We work with the latin transcriptions, in order to avoid complications with right-to-left writing in 
the displays of situations where discrepancies occur.

The result of the comparison will be a table that aligns the LK slots with the AF slots.

In [147]:
getTextLK = F[LK].lettersn.v
getTextAF = F[AF].lettersn.v

maxLK = maxSlot[LK]
maxAF = maxSlot[AF]

comparison = []
indexLK = {}
indexAF = {}

We define auxiliary functions for finding discrepancies and inspecting them.

In [148]:
def printLines(start=0, end=None):
    if start < 0:
        start = 0
    if end is None or end > len(comparison):
        end = len(comparison)
    lines = []
    for (iLK, left, distance, right, iAF) in comparison[start:end]:
        textLK = getTextLK(iLK) if iLK else ""
        textAF = getTextAF(iAF) if iAF else ""
        lines.append(f"{iLK:>5} {left:<2} {textLK:>20} @{distance:<2} {textAF:<20} {right:>2} {iAF:>5}")
    return "\n".join(lines)
        
        
def printComparison(path):
    with open(path, "w") as fh:
        fh.write(printLines())
        fh.write("\n")

            
def printDiff(before, after):
    print(printLines(start=len(comparison) - before))
    lastLK = None
    lastAF = None
    for c in range(len(comparison) - 1, -1, -1):
        comp = comparison[c]
        if lastLK is None:
            if comp[0]:
                lastLK = comp[0]
        if lastAF is None:
            if comp[4]:
                lastAF = comp[4]
        if lastLK is not None and lastAF is not None:
            break
    if lastLK is not None and lastAF is not None:
        for i in range(after):
            iLK = lastLK + 1 + i
            iAF = lastAF + 1 + i
            textLK = getTextLK(iLK) if iLK <= maxLK else ""
            textAF = getTextAF(iAF) if iAF <= maxAF else ""
            print(f"{iLK:>5} =  {textLK:>20} ??? {textAF:<20}  = {iAF:>5}")

Now the proper algorithm.

We stop when we cannot solve a discrepancy.

When solving discrepancies, we adjust the mapping and we record the severity of the
discrepancy in a separate dict `dissimilarity`.

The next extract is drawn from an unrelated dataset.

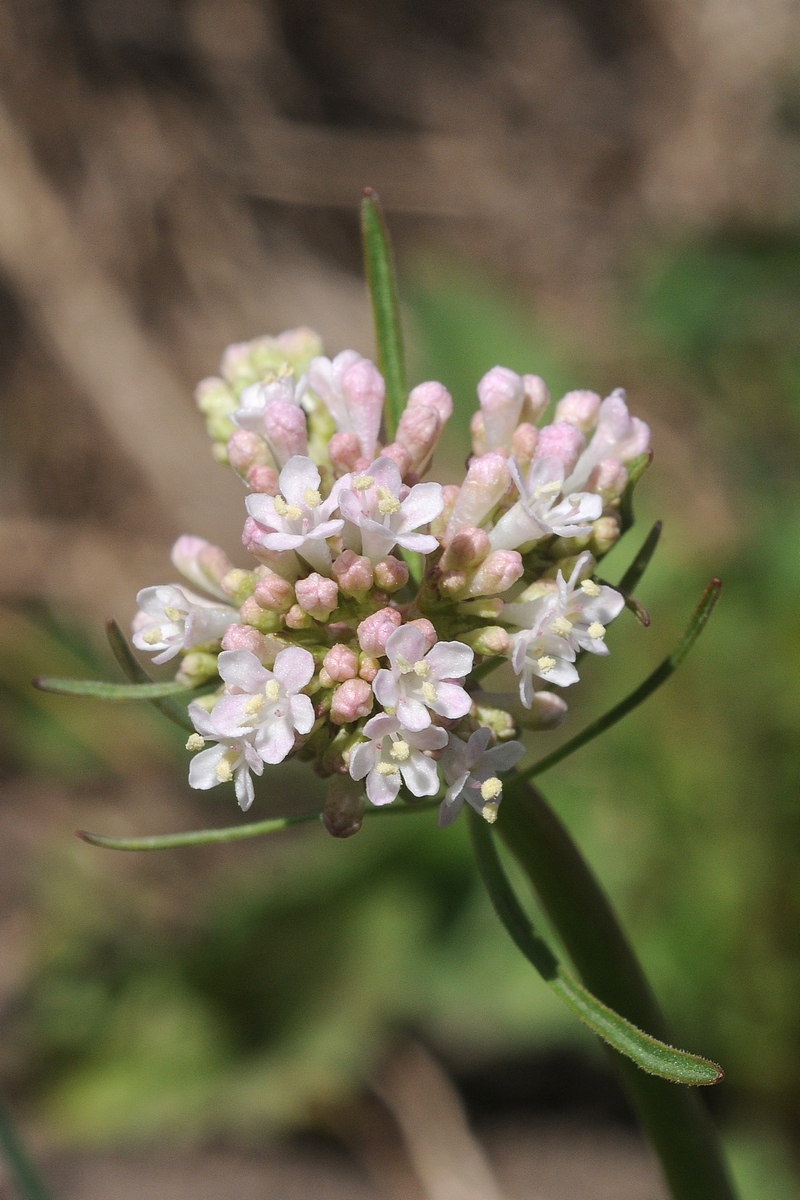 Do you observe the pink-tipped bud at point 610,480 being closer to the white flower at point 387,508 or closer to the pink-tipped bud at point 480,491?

We need to compute whether $n$ consecutive words left are similar to $m$ consecutive words
right.

We assume there is a boundary of *C* words that we will combine.

We need to walk to al possible combinations, from simplest and shortest to longest and most complex.

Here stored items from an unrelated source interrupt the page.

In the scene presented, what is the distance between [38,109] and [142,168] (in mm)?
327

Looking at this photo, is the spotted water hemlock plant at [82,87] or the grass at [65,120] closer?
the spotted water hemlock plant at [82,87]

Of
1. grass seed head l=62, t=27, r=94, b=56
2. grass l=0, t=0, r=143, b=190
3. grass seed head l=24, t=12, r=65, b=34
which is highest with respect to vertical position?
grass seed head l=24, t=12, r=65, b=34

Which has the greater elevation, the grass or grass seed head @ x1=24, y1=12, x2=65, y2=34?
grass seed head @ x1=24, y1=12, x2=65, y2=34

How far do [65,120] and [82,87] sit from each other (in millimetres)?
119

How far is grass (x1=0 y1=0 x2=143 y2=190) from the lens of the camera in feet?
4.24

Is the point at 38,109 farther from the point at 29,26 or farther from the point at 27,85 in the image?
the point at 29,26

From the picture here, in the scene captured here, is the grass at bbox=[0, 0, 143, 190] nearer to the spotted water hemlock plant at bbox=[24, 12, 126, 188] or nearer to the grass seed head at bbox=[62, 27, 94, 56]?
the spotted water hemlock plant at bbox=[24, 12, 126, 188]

Every combination can be characterized by $(n, m)$, where $n$ is the number of words on the left
and $m$ is the number of words on the right. $n$ and $m$ are in the range $1 \ldots C$.

Suppose $C = 3$, then we want to compare combinations in the following order:

combination|x
---|---
$(1, 1)$|--
$(1, 2)$|--
$(2, 1)$|--
$(2, 2)$|--
$(1, 3)$|--
$(3, 1)$|--
$(2, 3)$|--
$(3, 2)$|--
$(3, 3)$|--

In fact, we list all possible combinations and then sort them first by sum of the pair 
and then by decreasing difference of the pair.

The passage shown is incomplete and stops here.